The King Must Die (Audible Audio Edition) Mary Renault Kris Dyer Audible Studios Books
Mary Renault's The King Must Die takes place in a world where the rules are in flux. We're in Ancient Greece, and a matriarchal society with an earth-based religion is in the process of changing to a patriarchal one that worships sky gods. She uses this background to re-tell the Greek myth of Theseus. Briefly-ish, the myth version goes as such: King Minos of Crete angered Poseidon by refusing to sacrifice a particular bull. To punish him, his queen, Pasiphae, is made to be overwhelmed by lust for that bull. She engages Daedelus, the legendary craftsman, to build a cow she can fit inside to, er, consumate her love. What results is a half-bull half-man monster that eats human flesh: the Minotaur. Daedalus is commissioned again, to build a maze, the Labyrinth, in which the beast can be hidden. Crete is a powerful city-state and demands tribute from other Greeks: seven young men and seven young women to be given to the Minotaur every year. Theseus is the son of the King of Athens, and is one of the youths sent to Crete. When he arrives, Minos' daughter, Ariadne, falls wildly in love with him and gives him a ball of yarn that he can tie near the entrance of the maze so he can find his way back out. She also gives him a sword, which he uses to kill the Minotaur. He flees with Ariadne, but abandons her on an island on his way back home. Theseus forgets to change the color of his sails when arriving back in Athens to signal his father that he's returning home safely, and his father commits suicide in despair over his "death". There's more, but that's the portion covered in this book.Renault takes that structure and constructs a story that could have been the basis for the myth. In her tale, Theseus is raised by his mother, a priestess devoted to the earth goddess, and her family outside of Athens. As a teenager, he starts to return to Athens to be reunited with his father, who nearly kills him accidentally. He does volunteer to be sent to Crete, but for different reasons: in this version of the story, based on something more like actual history, the young people are sent to Crete to become "bull dancers", a team-based sort of sacred ritual bullfight. The labyrinth is the enormous palace of Minos, Ariadne is a priestess. Although the Olympians are mostly taken out, Theseus is gifted with an ability to sense pending earthquakes, kind of big deal in a seismically active region.
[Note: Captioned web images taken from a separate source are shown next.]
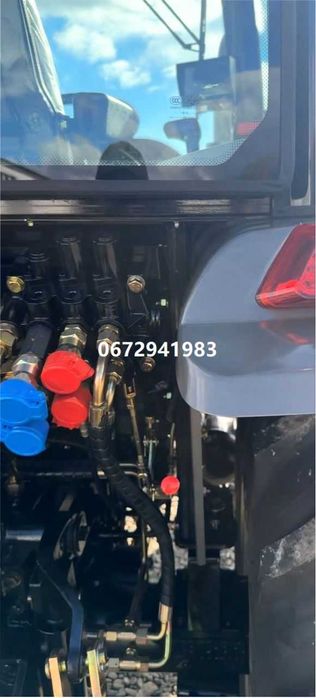 Мінітрактор Скаут 404 C компресор реверс примусова на широких колесах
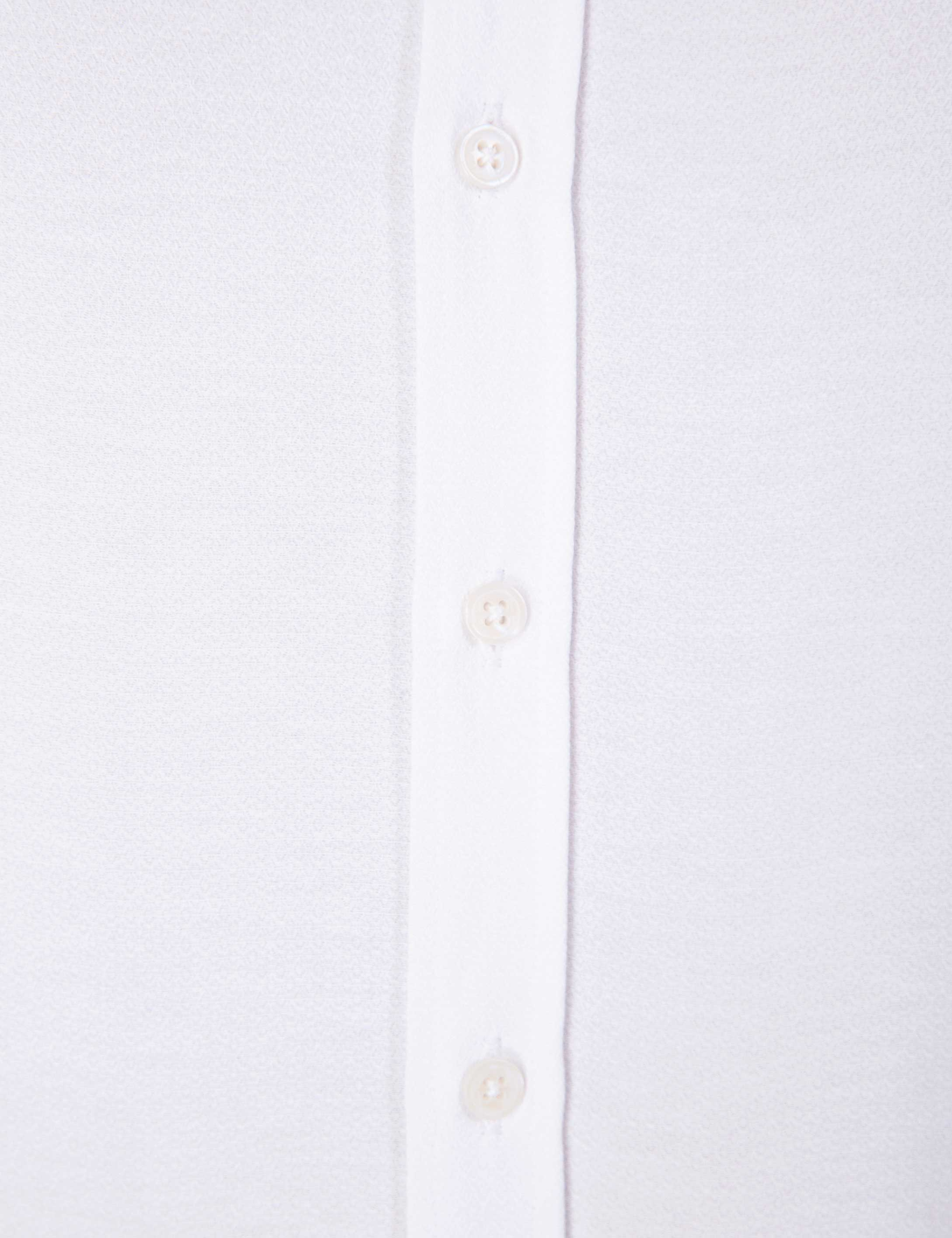 Beyaz Slim Fit Armürlü Gömlek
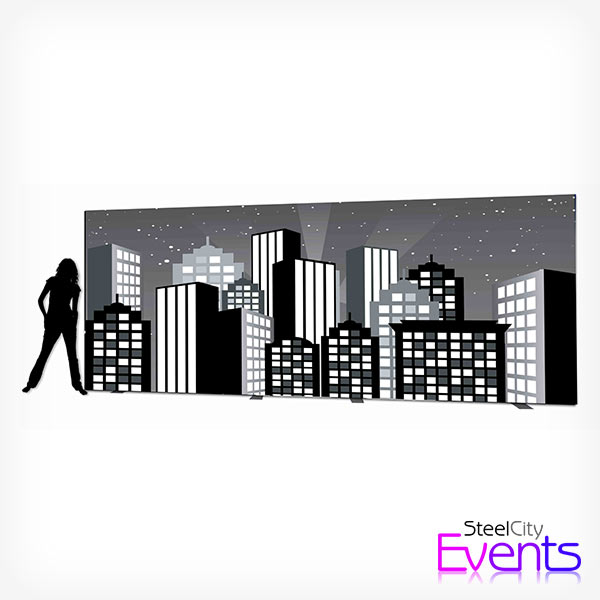 Art Deco City Scape Backdrop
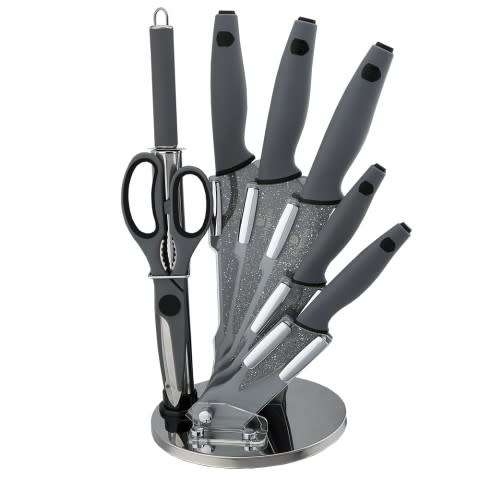 Berlinger Haus BH-2116 8 pcs knife set with stand, Granit Diamond Line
Reading this book actually reminded me a lot of my slog through The Masks of God by Joseph Campbell, a series which details the development of religions all over the world. Campbell traces the same transition in Western religious belief that Renault highlights, with earlier people just starting to form groups based around farming often believing in an earth goddess, who required human sacrifice in order to produce agricultural bounty, while later societies with more stratification turned to worship mostly-male sky gods. Renault portrays a Greece which is dealing with this exact movement, with Theseus himself working to convert a city where he finds himself from the latter to the former. The story is entertaining enough and Renault's prose is solid, but Theseus is a bit of a Mary Sue. He always has the right answers, for the right reasons (in his mind anyways), always does the correct thing. It made him kind of boring as a character...I wanted him to face more conflict from within, struggle against forces internal as well as external.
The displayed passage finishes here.